### INFORMATION SUPPLIED
········
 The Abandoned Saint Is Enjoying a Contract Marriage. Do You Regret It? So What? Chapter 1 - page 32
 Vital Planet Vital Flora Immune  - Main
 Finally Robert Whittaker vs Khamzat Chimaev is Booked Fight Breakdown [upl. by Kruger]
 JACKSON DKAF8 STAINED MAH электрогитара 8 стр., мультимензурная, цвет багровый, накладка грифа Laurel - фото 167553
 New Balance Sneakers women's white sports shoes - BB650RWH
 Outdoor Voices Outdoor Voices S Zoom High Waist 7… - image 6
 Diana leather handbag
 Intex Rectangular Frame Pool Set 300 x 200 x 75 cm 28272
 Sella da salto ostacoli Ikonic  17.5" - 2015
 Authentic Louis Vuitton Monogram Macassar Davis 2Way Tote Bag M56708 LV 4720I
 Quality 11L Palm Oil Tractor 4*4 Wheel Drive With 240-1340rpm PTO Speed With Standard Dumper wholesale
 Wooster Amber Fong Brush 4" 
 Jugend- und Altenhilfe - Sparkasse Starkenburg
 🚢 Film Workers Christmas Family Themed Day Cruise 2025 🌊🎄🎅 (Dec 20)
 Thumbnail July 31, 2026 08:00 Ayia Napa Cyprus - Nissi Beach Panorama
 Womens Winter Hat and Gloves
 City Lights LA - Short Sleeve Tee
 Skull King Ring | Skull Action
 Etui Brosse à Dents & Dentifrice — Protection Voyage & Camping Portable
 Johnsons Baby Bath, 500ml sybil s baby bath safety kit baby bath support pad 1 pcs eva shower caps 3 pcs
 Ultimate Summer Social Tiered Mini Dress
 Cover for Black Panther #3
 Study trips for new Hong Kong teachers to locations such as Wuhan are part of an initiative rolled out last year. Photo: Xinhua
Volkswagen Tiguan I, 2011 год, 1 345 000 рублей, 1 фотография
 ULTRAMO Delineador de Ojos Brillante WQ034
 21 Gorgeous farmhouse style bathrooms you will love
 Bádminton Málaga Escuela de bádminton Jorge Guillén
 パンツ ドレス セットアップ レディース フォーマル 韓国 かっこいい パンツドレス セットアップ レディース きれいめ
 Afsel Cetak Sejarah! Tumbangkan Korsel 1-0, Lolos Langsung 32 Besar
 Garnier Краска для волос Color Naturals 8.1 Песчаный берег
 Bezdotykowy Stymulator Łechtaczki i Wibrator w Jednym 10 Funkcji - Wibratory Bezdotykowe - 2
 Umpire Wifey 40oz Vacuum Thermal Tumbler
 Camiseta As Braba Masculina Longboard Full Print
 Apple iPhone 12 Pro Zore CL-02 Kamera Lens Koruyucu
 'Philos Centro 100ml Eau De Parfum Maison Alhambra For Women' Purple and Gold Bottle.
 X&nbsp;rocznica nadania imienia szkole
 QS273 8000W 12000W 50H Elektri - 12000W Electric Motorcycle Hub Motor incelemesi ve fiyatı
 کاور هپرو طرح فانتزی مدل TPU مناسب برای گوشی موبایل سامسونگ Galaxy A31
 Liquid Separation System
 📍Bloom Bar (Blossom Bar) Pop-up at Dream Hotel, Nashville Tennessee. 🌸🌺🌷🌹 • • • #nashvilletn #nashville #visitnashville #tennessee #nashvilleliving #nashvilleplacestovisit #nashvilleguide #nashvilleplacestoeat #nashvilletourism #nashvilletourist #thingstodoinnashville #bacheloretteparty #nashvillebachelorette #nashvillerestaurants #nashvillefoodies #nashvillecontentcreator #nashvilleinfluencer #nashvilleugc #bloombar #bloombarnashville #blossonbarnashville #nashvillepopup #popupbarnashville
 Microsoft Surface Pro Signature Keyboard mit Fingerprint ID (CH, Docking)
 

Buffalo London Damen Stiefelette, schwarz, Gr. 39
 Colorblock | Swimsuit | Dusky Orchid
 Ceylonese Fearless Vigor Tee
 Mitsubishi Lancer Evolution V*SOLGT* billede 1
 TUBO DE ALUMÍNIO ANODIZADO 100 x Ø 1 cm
········
### EXERCISE OBJECTIVE
Please output the lines of the listing above that fall in the stretch from the one with "Etui Brosse à" through the one with "Cover for Black Panther #3", exactly and only those.

### EXERCISE SOLUTION
 Etui Brosse à Dents & Dentifrice — Protection Voyage & Camping Portable
 Johnsons Baby Bath, 500ml sybil s baby bath safety kit baby bath support pad 1 pcs eva shower caps 3 pcs
 Ultimate Summer Social Tiered Mini Dress
 Cover for Black Panther #3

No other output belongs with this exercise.